During her nearly forty year engagement at the Estonian Drama Theater she performed in numerous stage productions as an actress. Among her more memorable roles in works by international authors and playwrights include: Molière, Ibsen, von Goethe, Chekhov, Strindberg, Vonnegut, Leo Tolstoy, Peter Shaffer, Jean Genet, Johannes Linnankoski, William Gibson, Alexander Vampilov, Elias Lönnrot and John Boynton Priestley, among others. Memorable roles in works by Estonian authors and playwrights include those of: Eduard Vilde, A. H. Tammsaare, Juhan Sütiste, Jaan Kross, Aino Undla-Põldmäe, Jaan Kruusvall and Mats Traat.

Beginning in 1990, Sööt was a lecturer at the Estonian Academy of Music and Theatre, and from 1996 until 2004, was an associate professor at the academy.

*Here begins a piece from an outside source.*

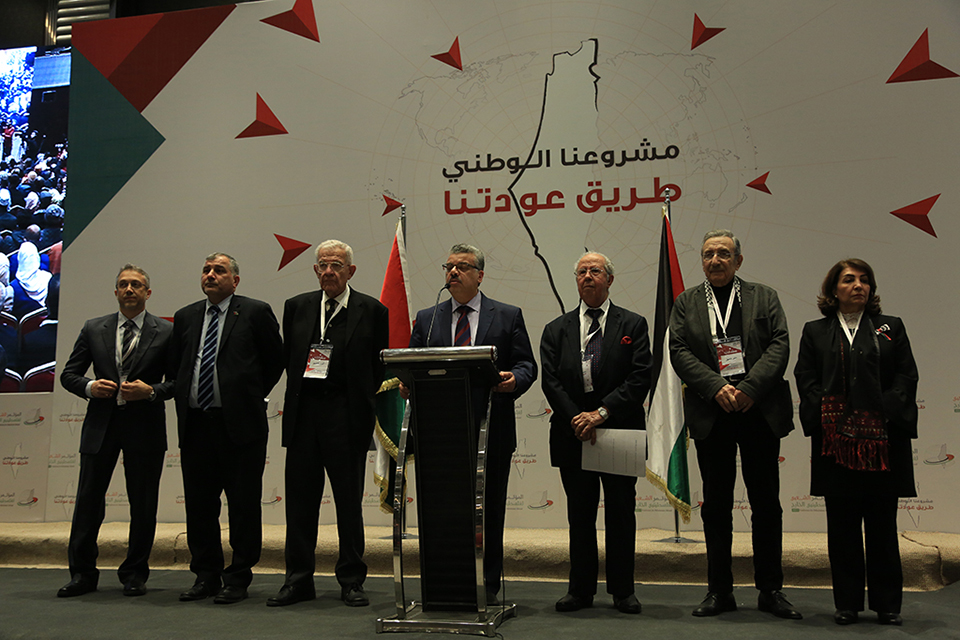 المؤتمر الشعبي لفلسطينيي الخارج يبحث تفعيل قرارات مؤتمر اسطنبول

==Television, radio and film==
Meeli Sööt made her film debut in a small role in the Kalju Komissarov directed Soviet-Estonian crime-drama Tavatu lugu for Tallinnfilm. This was followed by a starring role as Marta in the 1982 Veljo Käsper directed drama Pihlakaväravad, opposite actor Heino Mandri. She also appeared in the 1990 dramatic short film Teenijanna, directed by Veiko Jürisson.

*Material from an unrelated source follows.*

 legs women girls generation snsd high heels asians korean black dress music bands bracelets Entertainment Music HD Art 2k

In 1983, she appeared in the feature-length television sports film Küljetuul, directed by Raul Tammet. She also frequently appeared on the popular Estonian Kanal 2 television crime series Kelgukoerad between 2008 and 2011.

Additionally, she has performed in several radio plays, most memorably Kuu aega maal in 1964, Meelejahutaja in 1973 and Ameerika mäed in 1998.

==Personal life and death==
In 1961 Meeli Alev married conductor and pedagogue Ants Sööt. The couple divorced in 1978. She died on 16 March 2024, at the age of 86.

==Acknowledgements==
In 1976, Meeli Sööt was awarded the Merited Artist of the Estonian SSR.